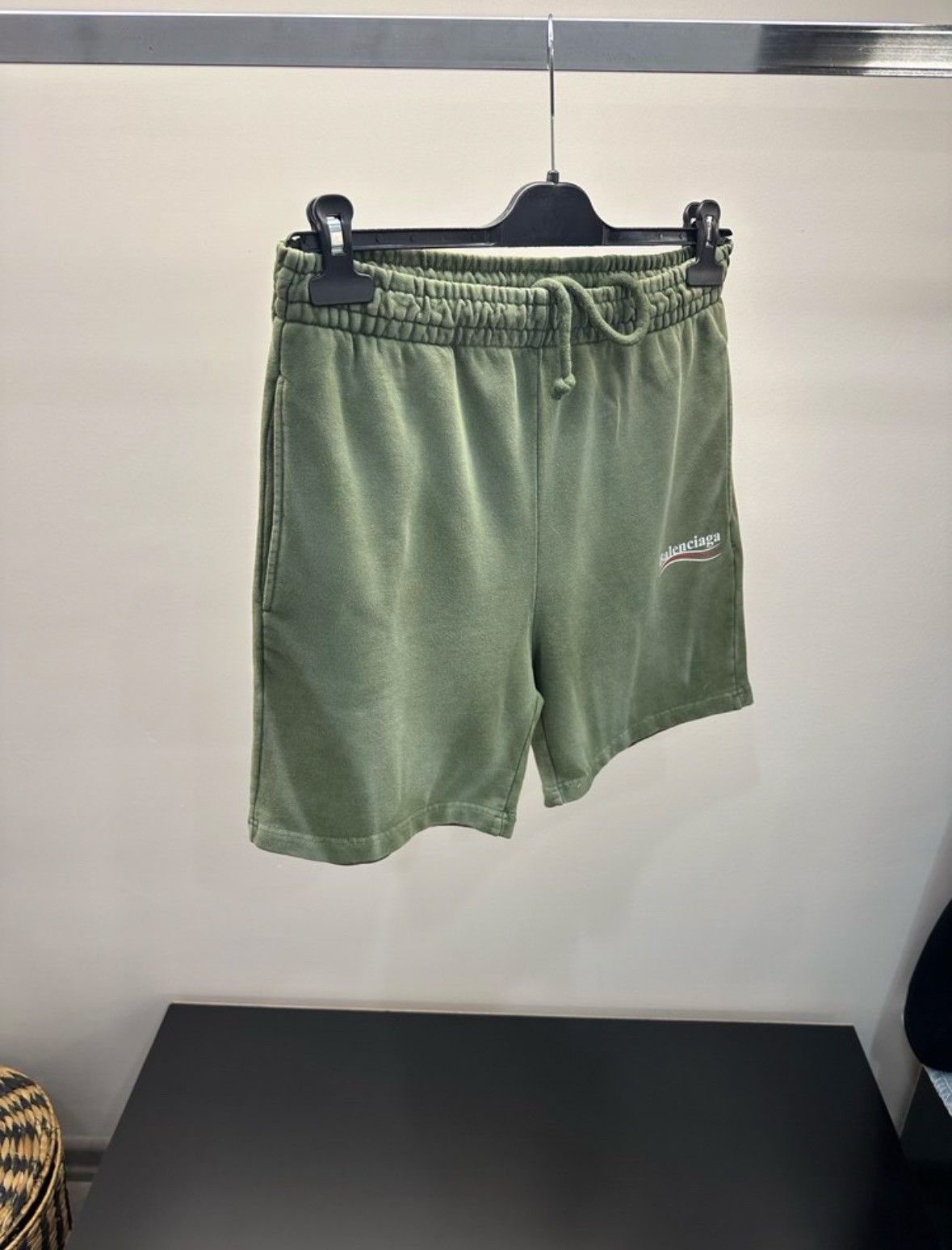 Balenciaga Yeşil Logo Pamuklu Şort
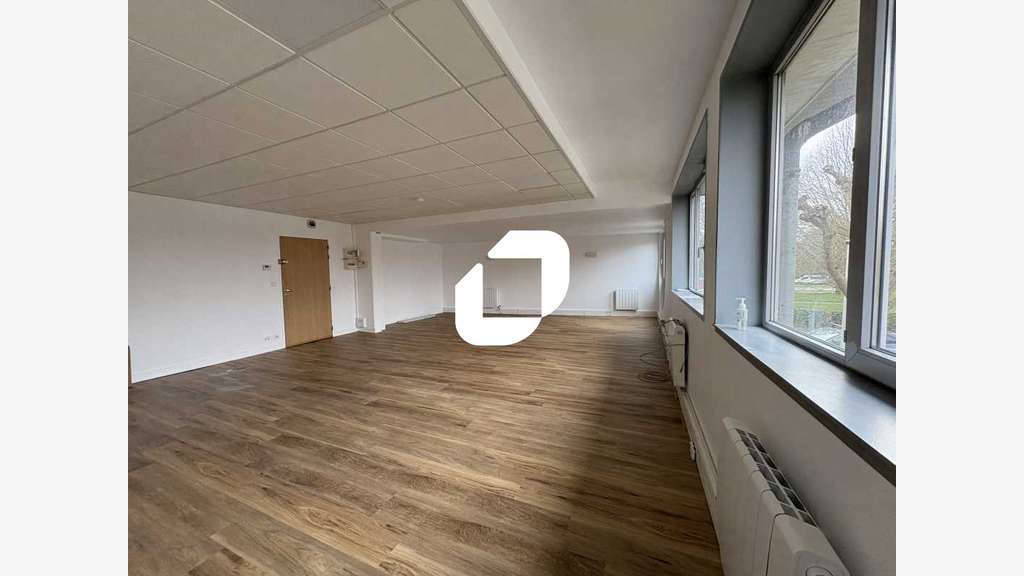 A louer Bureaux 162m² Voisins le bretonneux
* * *
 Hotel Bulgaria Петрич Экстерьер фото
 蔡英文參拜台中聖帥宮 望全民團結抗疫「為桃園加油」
==
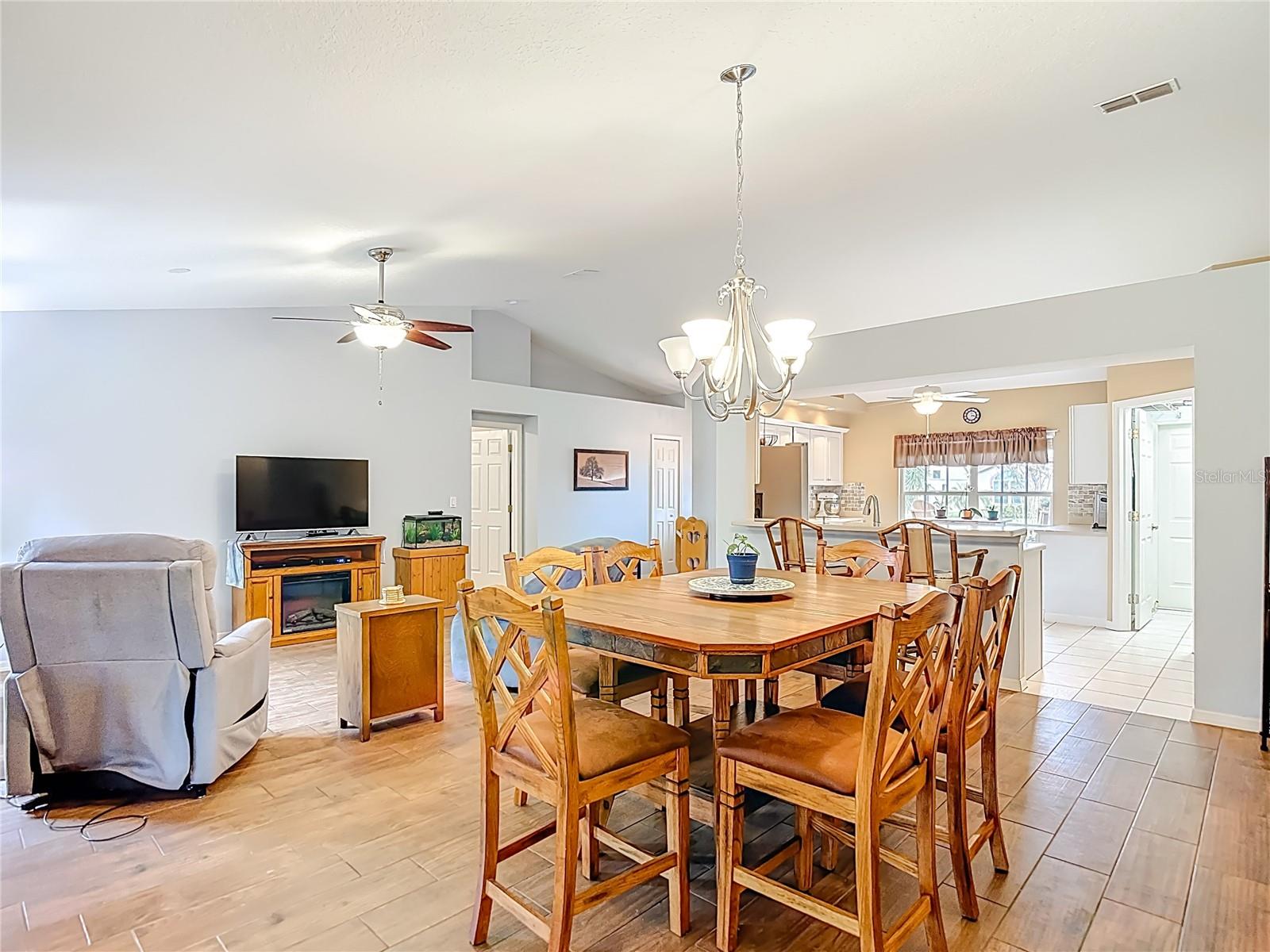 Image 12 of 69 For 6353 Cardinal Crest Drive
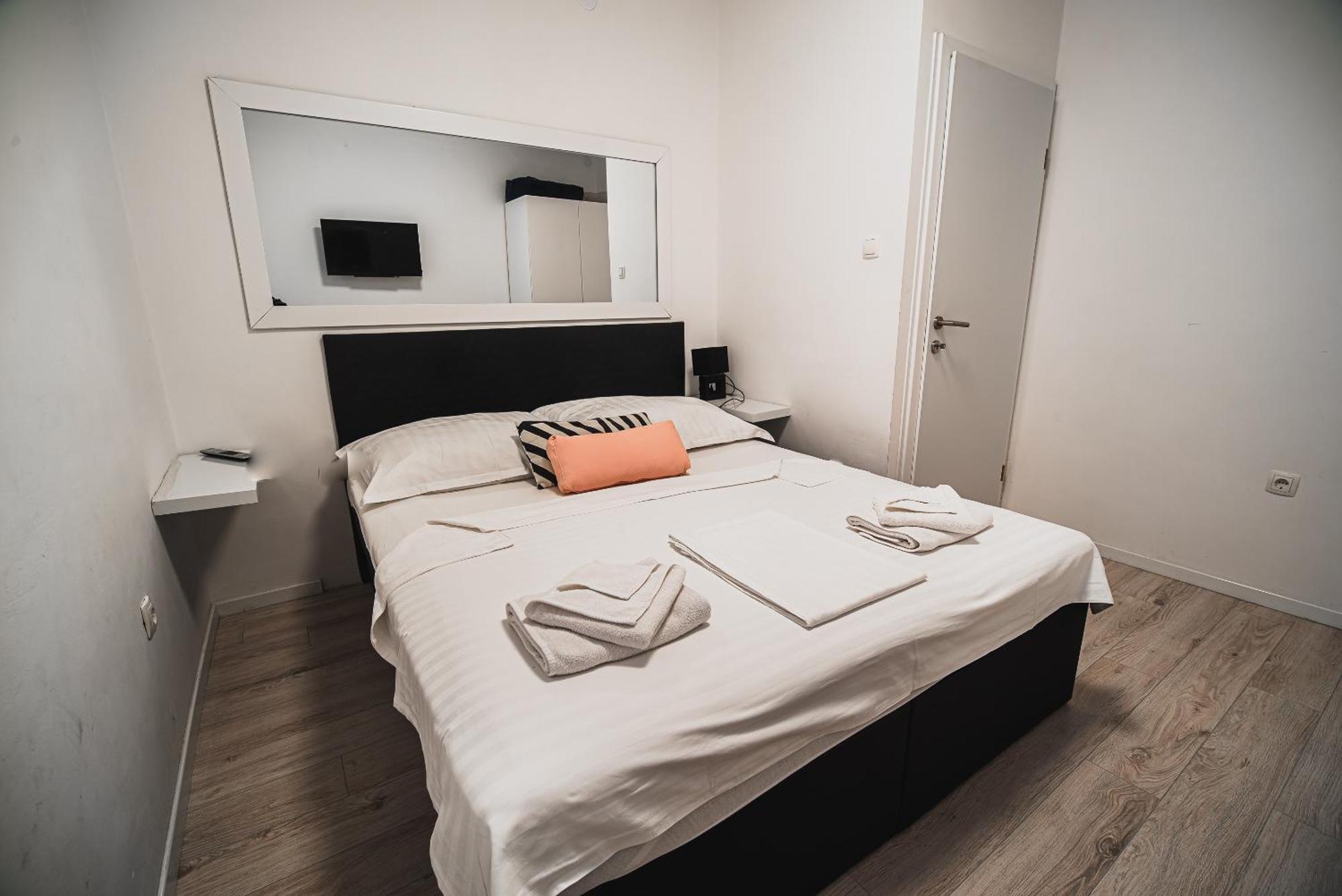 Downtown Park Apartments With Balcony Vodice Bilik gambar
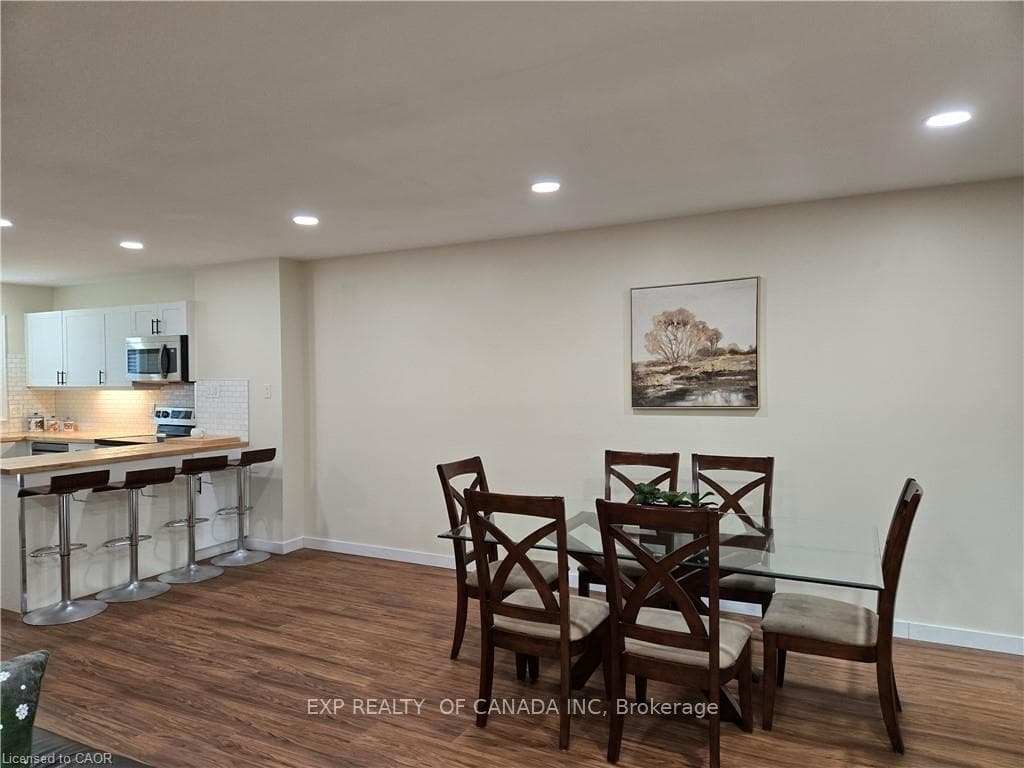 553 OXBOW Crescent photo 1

Problem to solve |
Reproduce the lines above beginning at the line that contains "Balenciaga Yeşil Logo Pamuklu Şort" and ending at the line that contains "A louer Bureaux 162m² Voisins le bretonneux". No pictures.

Response area |
 Balenciaga Yeşil Logo Pamuklu Şort
 A louer Bureaux 162m² Voisins le bretonneux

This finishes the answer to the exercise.